Oil revenues could reach $10 billion annually after Damascus' agreement with the SDF: Expert

Dr. Hassan Hazouri, a professor of economics at the University of Aleppo, believes that the most prominent expected outcome of the Syrian government's agreement with the Syrian Democratic Forces (SDF) is the resumption of oil and gas fields, which could gradually increase production to significant and promising levels.

This could generate daily revenues estimated at approximately $28 million when peak production is reached, or more than $10 billion annually. He noted that these revenues will be used to finance reconstruction and infrastructure development projects, creating significant new job opportunities in various economic sectors.

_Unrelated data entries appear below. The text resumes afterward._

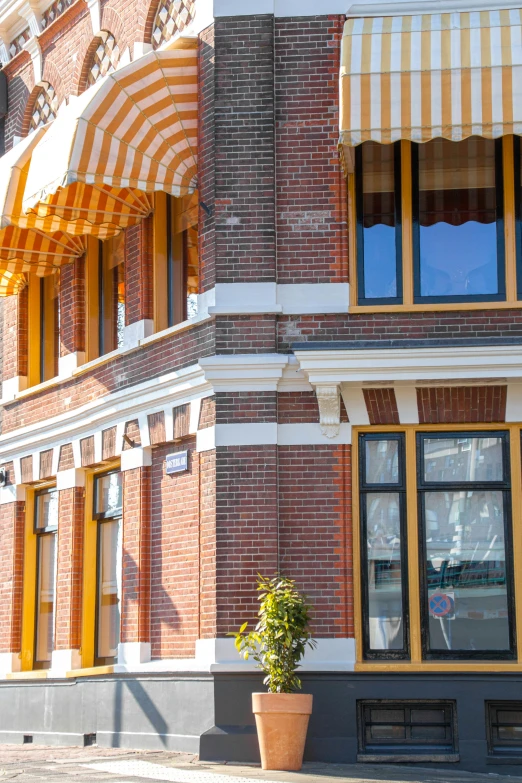 the outside of a building with a very long awning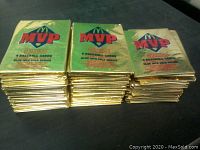 Stacked unopened packets of 1992 McDonalds MVP Donruss baseball cards showing front gold foil packaging and branding.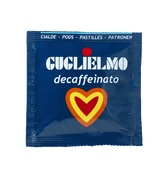 Eine blaue Aromaverpackung für den koffeinfreien Kaffee Guglielmo Dek als E.S.E. Pad. In der Mitte befindet sich ein Herz in den Farben orange, gelb und rot.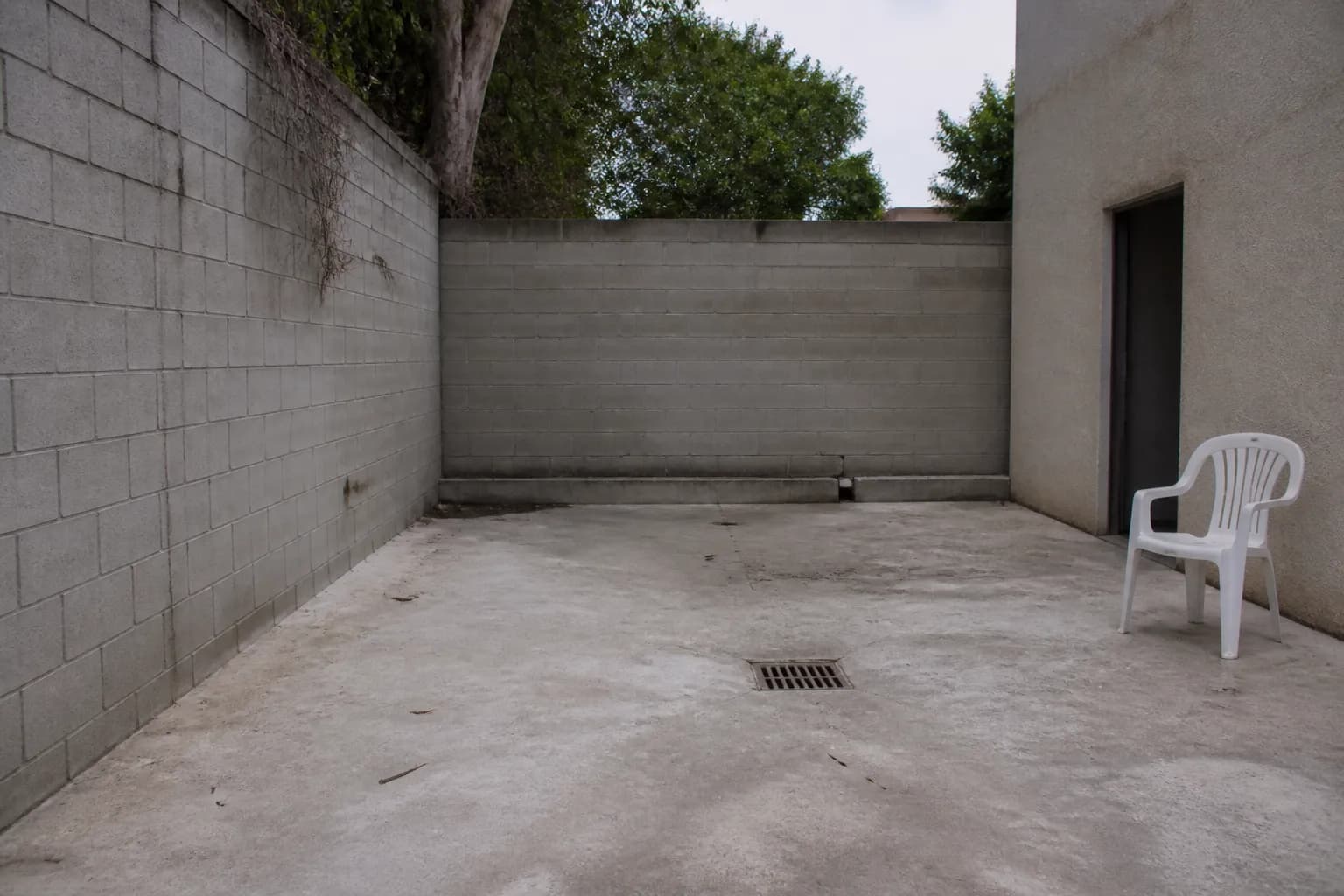 A plain concrete courtyard with bare walls, a floor drain and a single plastic chair in flat light.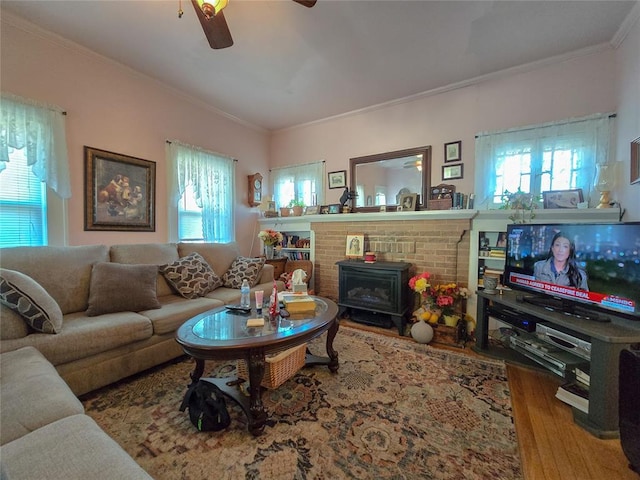 living room featuring ornamental molding, ceiling fan, hardwood / wood-style floors, and a wood stove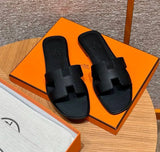 Spot Hermes leather H black flat slippers with matching black stitching – elegant women’s sandals.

Another outcome, Dr. Hazouri noted in a statement to Al-Hurriya newspaper, is the revival of the agricultural sector. Reclaiming fertile agricultural lands in the Jazira region will contribute to boosting agricultural production, especially for strategic crops such as cotton and wheat, supporting food security and creating job opportunities in the agricultural sector and related industries.

It will also contribute to stimulating the industrial sector. With the availability of natural resources and improved stability, dormant factories and industrial facilities can be reopened, providing job opportunities in manufacturing and contributing to economic diversification.

Hazouri expects this agreement, in general, to contribute to narrowing the gap in the labor market and reducing unemployment rates by stimulating various economic sectors and providing a stable and attractive environment for investment.